# Exercise description
Would you write out the lines below exactly, from the one containing "1949 ca. Pulling" to the very last, but without the pictures?

# Provided data
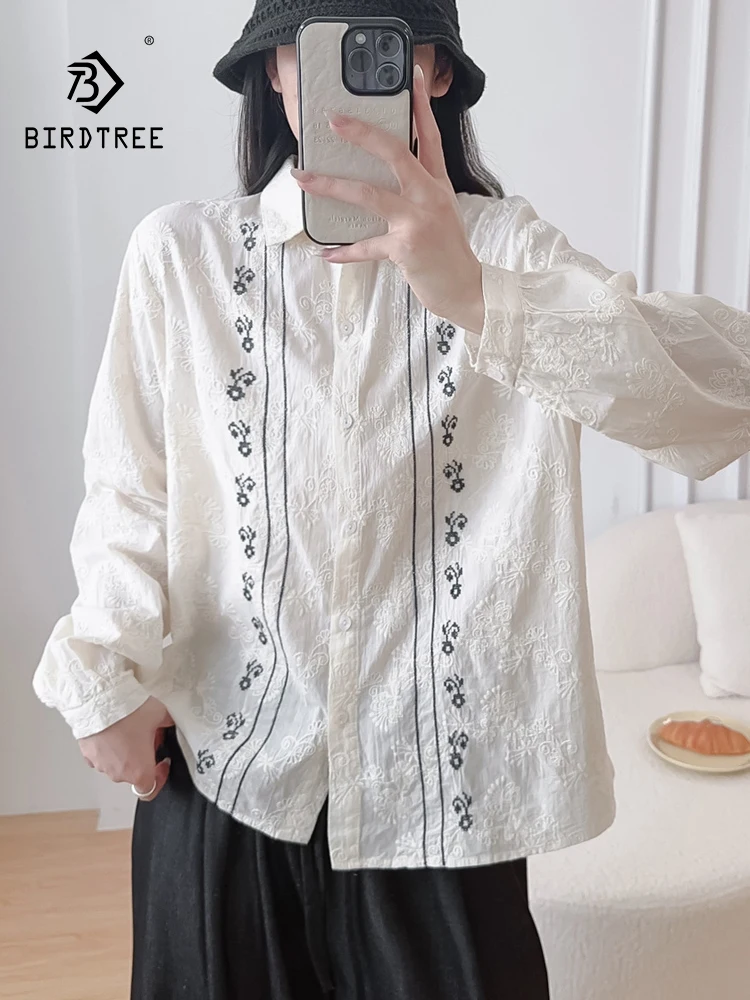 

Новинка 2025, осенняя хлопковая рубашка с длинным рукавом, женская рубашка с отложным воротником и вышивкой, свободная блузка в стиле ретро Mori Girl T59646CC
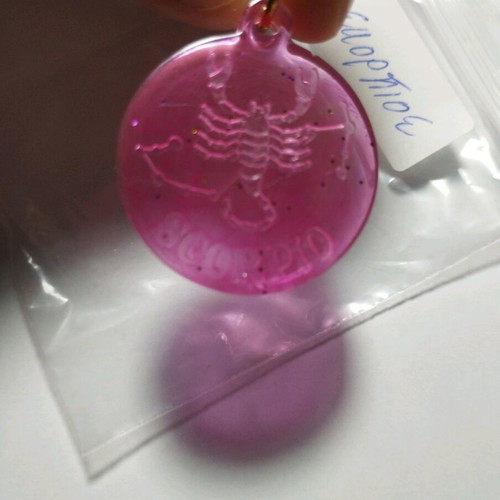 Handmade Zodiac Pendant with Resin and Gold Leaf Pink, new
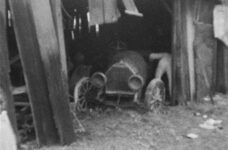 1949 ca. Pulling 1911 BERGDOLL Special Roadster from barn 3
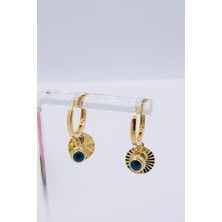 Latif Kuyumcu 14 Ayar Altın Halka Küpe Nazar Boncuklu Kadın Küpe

# Answer space
 1949 ca. Pulling 1911 BERGDOLL Special Roadster from barn 3
 Latif Kuyumcu 14 Ayar Altın Halka Küpe Nazar Boncuklu Kadın Küpe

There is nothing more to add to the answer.